I do see where you're coming and I guess I was thinking too much into it :p
A
male
reader, Fatherly Advice +, writes (7 January 2013):
O K, xAx,
I'll take a stab at it. At least part of the problem is the way guys think. Guys thought processes are a lot like a waffle. Little boxes all lined up. When we are in a box it takes quite a bit to get us out of it. So when he saw you he jumped out of the box he was thinking about and did his greeting routine (which probably wasn't a real box, but a short pre-programmed set of actions and words. Then he slipped right back into the old box. Guys are very good are pre-programmed responses. It's a survival technique for us.
Women on the other hand evaluate every thought and connect it to every other thought. Like a spider web. You are trying to figure out how his greeting is connected to the blank look. Truth is it probably isn't related.

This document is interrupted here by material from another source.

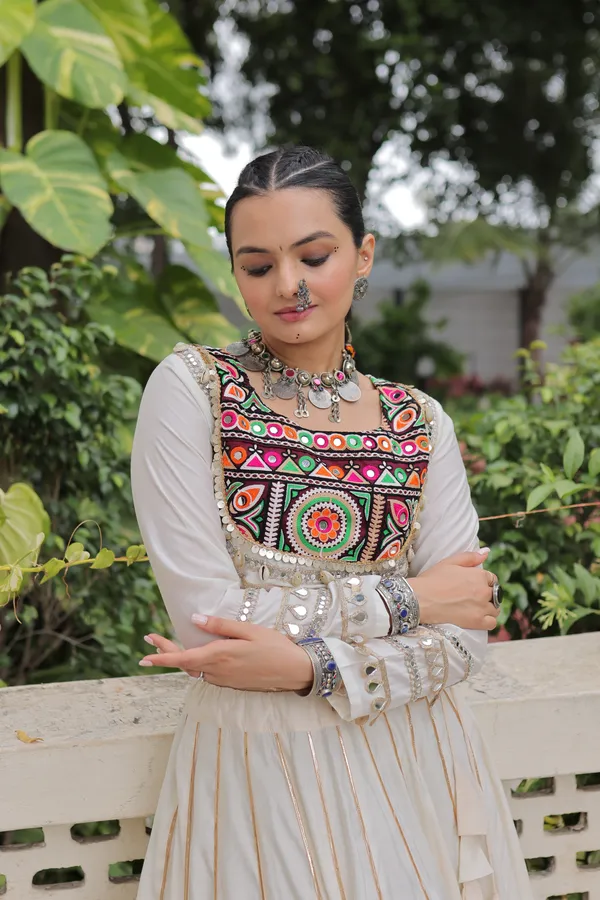Celebrate_true_Navratri_vibes_with_this_traditional_&_spiritual_outfit_that_beautifully_blends_festive_fun_with_cultural_charm._Choose_from_vibrant_colors_in_this_Lehenga_with_Top,_perfect_for_dancing,_devotion,_and_the_joy_of_togetherness._Comes_with_fully_stitched_lehenga_&_blouse_for_a_ready-to-wear_festive_look._???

Now for an in depth analysis. It appears that you are one of those people who demand full greetings including certain elements. You mentioned a shout and a friendly hello. I've also seen the handshake or hug, or even a how are/ fine exchange. Whatever it is you demand the guys in your life have programed it in and do it without thinking. It seems that you only have shallow friendships.
So advice (at last). If you think I've got a handle on your situation, what you need to do is to strengthen your bonds. Get to know your friends better know what their hobbies and projects are. Ask them how they are going. In order for your conversations to get past greeting you need to share more.